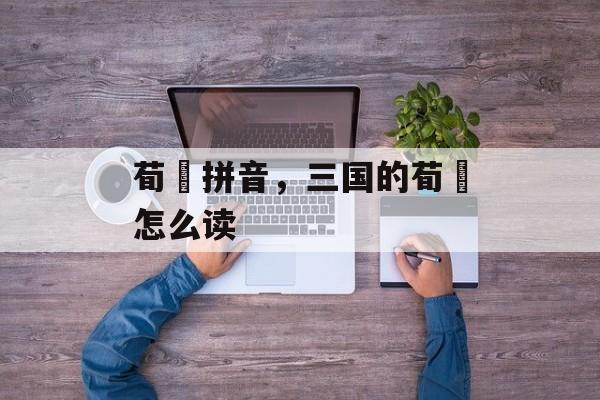 荀彧拼音，三国的荀彧怎么读-第1张图片-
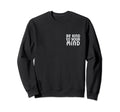 Be Kind To Your Mind Mental Health Sweatshirt - Unique Graphic Men Women - T-Shirt, Sweatshirt, Hoodie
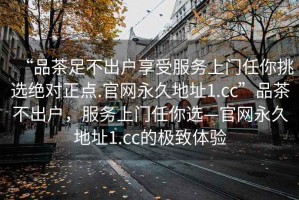 “品茶足不出戶享受服務(wù)上門任你挑選絕對正點.官網(wǎng)永久地址1.cc”品茶不出戶，服務(wù)上門任你選—官網(wǎng)永久地址1.cc的極致體驗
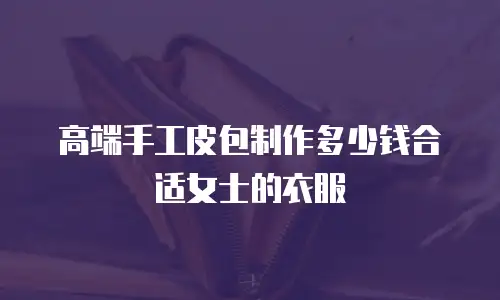 高端手工皮包制作多少钱合适女士的衣服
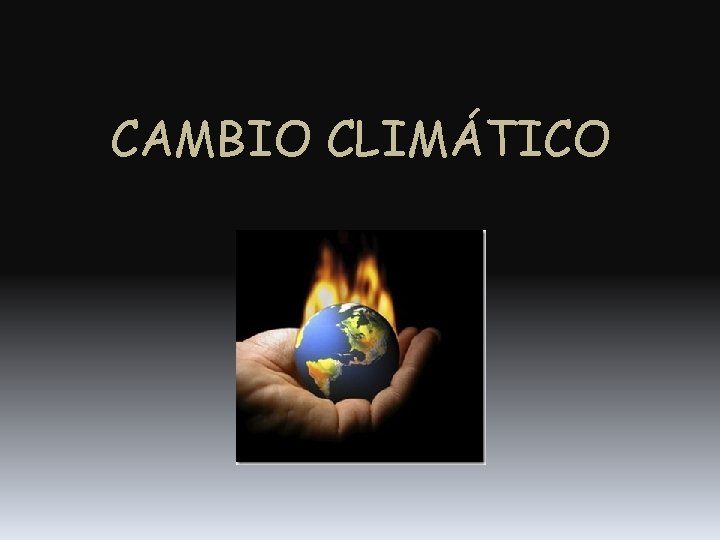 CAMBIO CLIMÁTICO 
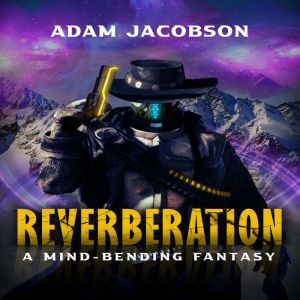 Reverberation, Adam Jacobson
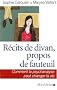 R�cits de divan, propos de fauteuil : Comment la psychanalyse peut changer la vie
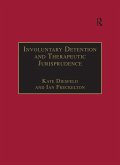 Involuntary Detention and Therapeutic Jurisprudence (eBook, PDF) Involuntary Detention and Therapeutic Jurisprudence (eBook, PDF)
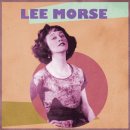 If You Want the Rainbow - Lee Morse - 이미지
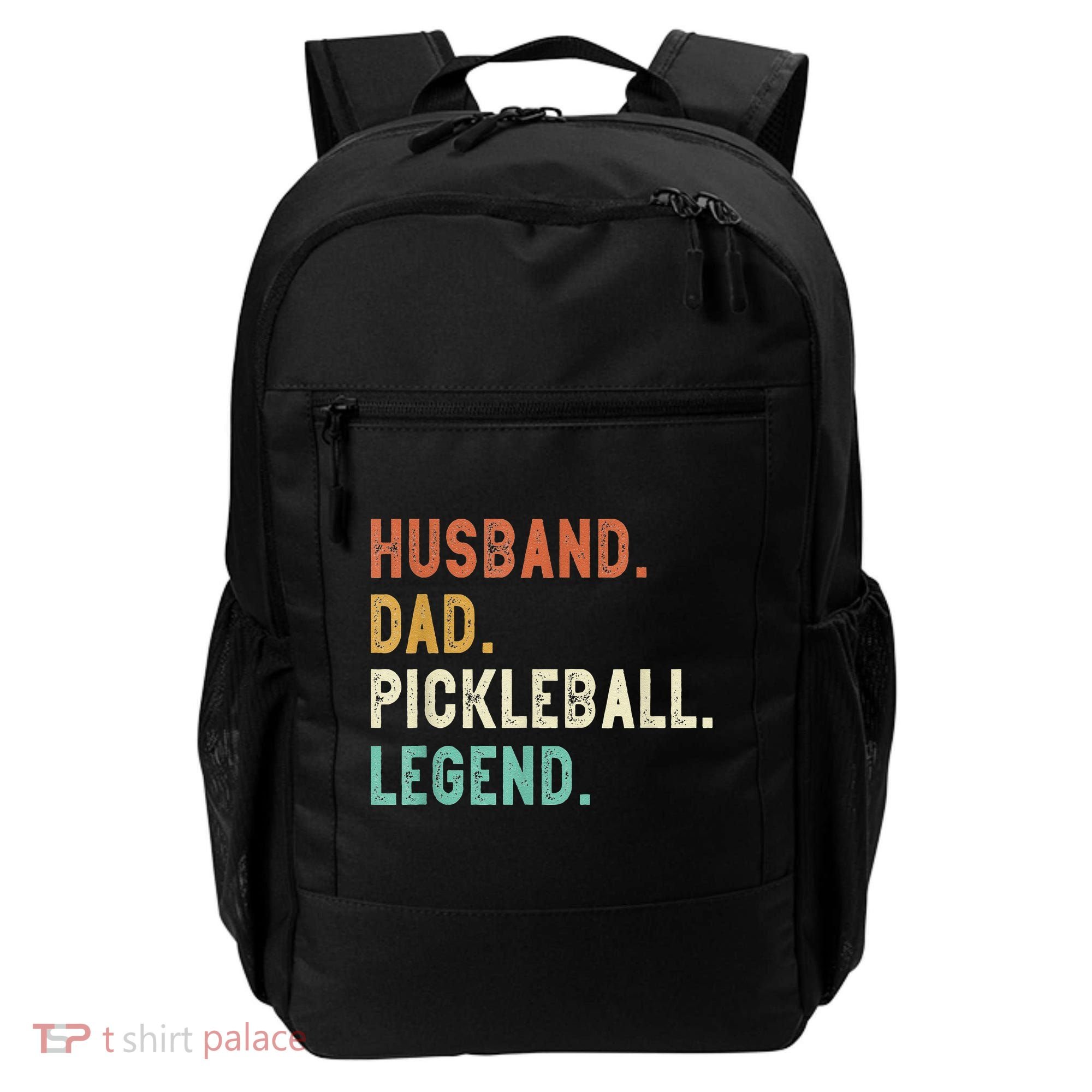 Husband Dad Pickleball Legend Funny Dad Pickleball Backpack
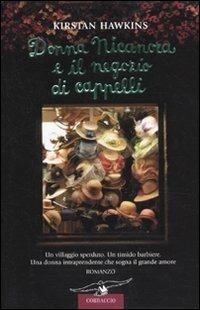 Donna Nicanora e il negozio di cappelli - Kristan Hawkins - Libro Corbaccio 2010, Romance | Libraccio.it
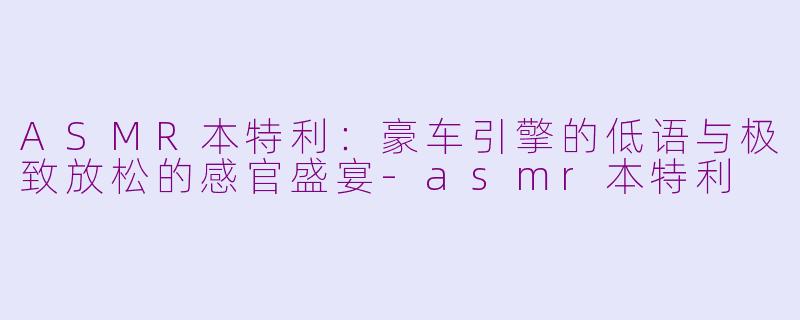 ASMR本特利：豪车引擎的低语与极致放松的感官盛宴-asmr本特利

» **What the exercise asks**
Omitting the pictures, write out the material above exactly as it stands.

» **Exercise response**
 荀彧拼音，三国的荀彧怎么读-第1张图片-
 Be Kind To Your Mind Mental Health Sweatshirt - Unique Graphic Men Women - T-Shirt, Sweatshirt, Hoodie
 “品茶足不出戶享受服務(wù)上門任你挑選絕對正點.官網(wǎng)永久地址1.cc”品茶不出戶，服務(wù)上門任你選—官網(wǎng)永久地址1.cc的極致體驗
 高端手工皮包制作多少钱合适女士的衣服
 CAMBIO CLIMÁTICO 
 Reverberation, Adam Jacobson
 R�cits de divan, propos de fauteuil : Comment la psychanalyse peut changer la vie
 Involuntary Detention and Therapeutic Jurisprudence (eBook, PDF) Involuntary Detention and Therapeutic Jurisprudence (eBook, PDF)
 If You Want the Rainbow - Lee Morse - 이미지
 Husband Dad Pickleball Legend Funny Dad Pickleball Backpack
 Donna Nicanora e il negozio di cappelli - Kristan Hawkins - Libro Corbaccio 2010, Romance | Libraccio.it
 ASMR本特利：豪车引擎的低语与极致放松的感官盛宴-asmr本特利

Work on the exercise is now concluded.